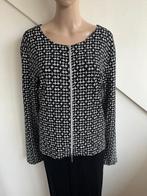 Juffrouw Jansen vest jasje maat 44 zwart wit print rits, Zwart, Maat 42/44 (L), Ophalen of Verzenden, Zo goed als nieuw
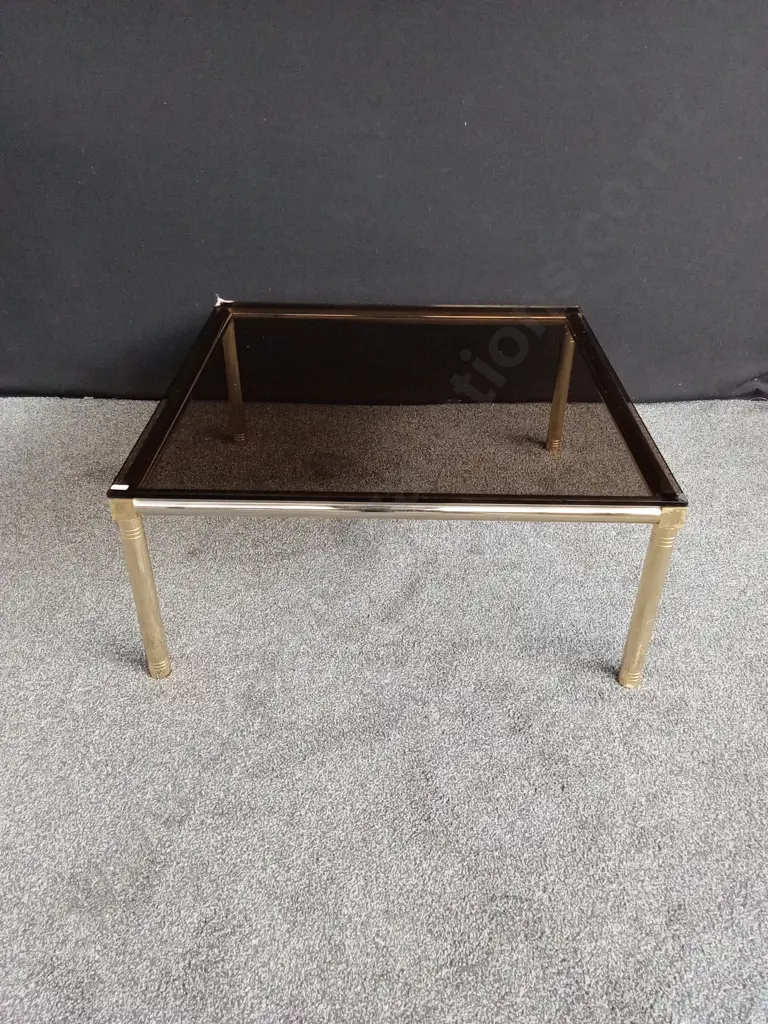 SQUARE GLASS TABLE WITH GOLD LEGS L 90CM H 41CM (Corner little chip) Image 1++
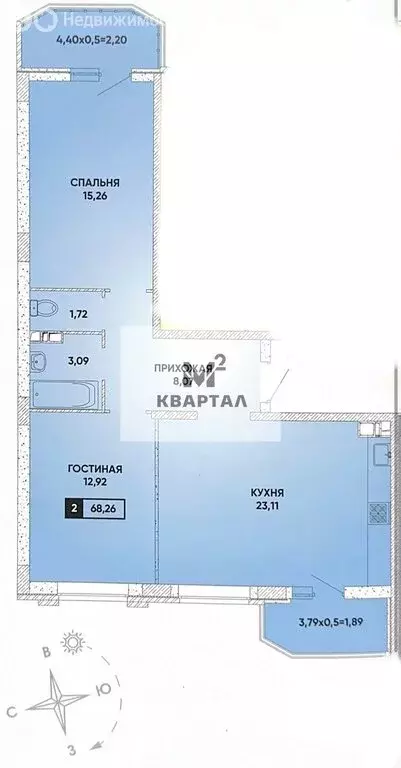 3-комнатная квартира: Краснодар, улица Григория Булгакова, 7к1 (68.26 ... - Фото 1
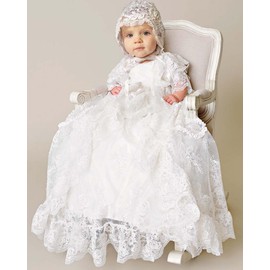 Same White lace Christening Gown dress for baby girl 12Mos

———

Exercise directions: Keep the pictures out while you retype all of the data above exactly as it appears.

Answer space:
 Juffrouw Jansen vest jasje maat 44 zwart wit print rits, Zwart, Maat 42/44 (L), Ophalen of Verzenden, Zo goed als nieuw
 SQUARE GLASS TABLE WITH GOLD LEGS L 90CM H 41CM (Corner little chip) Image 1++
 3-комнатная квартира: Краснодар, улица Григория Булгакова, 7к1 (68.26 ... - Фото 1
 Same White lace Christening Gown dress for baby girl 12Mos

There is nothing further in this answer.